The first was the relatively well-publicized battle by the United Auto Workers to unionize a Volkswagen plant in Chattanooga. Though it ended in defeat for the unionization effort (a result which has, rightly, resulted in a lot of self-examination by the campaigners), the Chattanooga fight was remarkable even before that for its unusual dynamics. The automaker, unusually, didn’t oppose, and indeed welcomed the unionization effort. Apparently in VW’s German plants the standard practice is for management to run the plant together with a labor-organized “works’ council,” and labor holds a strong position on the automaker’s board. The opposition to the union came, then, not from the employer but from outside forces–local and state Republican officials and national conservative groups. Ultimately, the scare tactics employed by the anti-union forces (associating the UAW with President Obama, threatening that VW would not bring a new plant to the area if the original one unionized), prevailed.
The second story is out of Nashville. There, the mayor and others have been trying for years to bring Tennessee’s first high-capacity transit line, the Amp bus rapid transit line, to fruition. The battle over the line has been ugly, breaking down largely along racial and class lines. This week, Republican state lawmakers proposed an amendment to a bill that would ban the key aspect of the Amp, the dedication of center lanes to the buses on some streets. The reaction among many in Nashville has been, from what I can gather on Twitter, furious; many are dumbfounded that the state would interfere with Nashville’s attempts at progress in such a petty, mean-spirited way. (Though really, they shouldn’t be; just look at the antagonistic relationship between New York State and New York City on transit issues. State governments rarely look out for the interests of their cities.) Of course, part of the attempt at destroying the Amp project is simple reactionary conservatism; old white men rarely understand transit as anything other than a conveyance for the Great Other, and it’s often perceived as a blue-state luxury. What’s more remarkable to me, though, is that Amp seems to have strong support from Nashville’s business community. Apparently, supporting businesses looking out for the interests of their city isn’t “pro-business.”

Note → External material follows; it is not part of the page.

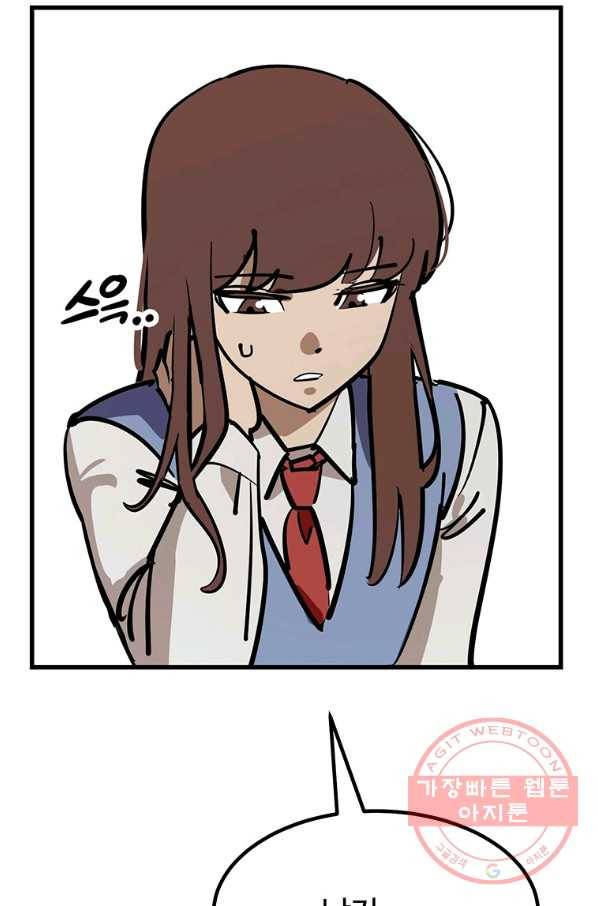 킬러5 64화 18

And that, I think, gets to the central idea of what I’m trying to tease out here. The common thread between the two Tennessee stories is the economic idea of amenities–that is, that there are certain things government, employers, and others can do to grease the wheels and make work and public life a little more efficient. Volkswagen wanted to allow the UAW into its plant because doing so would allow them to set up a works council, an industry best practice that gives assembly-line workers more input into the way the plant is run. Does doing that concede a little power to the workers, and make production maybe a little less efficient in the short run? Would unionization mean shelling out more in salary and benefits? Sure. But VW understood that in the long-run, providing workers with certain amenities can make production more efficient. In Nashville, business leaders understand that the only realistic way to combat urban transportation congestion is through transit, and that to attract the kind of young, talented workforce the growing area needs the infrastructure needs to exist for a low-car lifestyle to be possible. And they’re willing to put their tax dollars where their mouths are. Urban amenities matter. You might have to spend more money now, but it’s an investment–it will pay off down the line.
And it’s that idea–of investment in amenities leading to longer-term growth–that the GOP in Tennessee apparently finds so threatening. The idea that investment in amenities can lead to longer-term growth and development flatly contradicts essentially the GOP’s entire economic platform, which can be characterized by the word “cheap”: cheap labor, cheap taxes, cheap goods. The idea that in order to achieve the latter you might occasionally want to invest in the first two is anathema to many Republicans, to the point that they’re willing to throw aside their “pro-business” image in order to prevent it happening. If you hear a faint whiff of desperation there, I don’t think you’re alone. The idea that businesses might be willing to invest in amenities for their workers or for their cities holds the potential to bring the logic of the GOP’s entire economic platform (such as it is) crashing down around them. It must be terrifying. And it’s already started.